#2651 Abondon use of preg_replace with /e modifier

Produces PHP errors
open-accepted
nobody
5
2010-05-13
2009-07-08
BenBE
No

When running PHP with the Suhosin patch[1] there is a security function that allows you to disable the use of the /e modifier (eval replacement) to protect against Code Injection attacks that may result from improperly escaped replacement sequences if the pattern allows for matching of quotes while not properly escaping them.

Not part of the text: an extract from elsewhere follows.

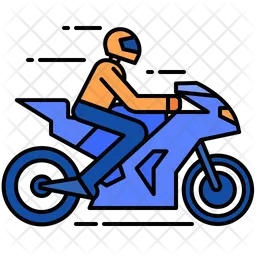 Motorrad  Symbol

An extreme example would be an preg_replace like the following:
$evald = preg_replace('/(.*)/e', '\\1', $code);
While nobody would actually write this this is an oversimplified version of
$evald = preg_replace('/^(.*)\./e', 'echo \'I matched \\1.\';', $code);
which could be exploited by something like $code="'.file_get_contents('/etc/passwd').'

Therefore, for security reasons and to make SquirrelMail work with Suhosin patch the preg_replace_callback function should be used instead which improves security by circumventing such escaping problems and at the same time improving readability of your code.

Please note that policy violations of Suhosin policies produce Fatal errors if they are enforced and thus lead to instantanious script termination.

Simular issues have been fixed in WordPress recently. Have a look there[2] as the bug report there also includes an easy way to look for LOC that use /e in their expressions. Note that the expression mentioned there doesn't find all occurances though.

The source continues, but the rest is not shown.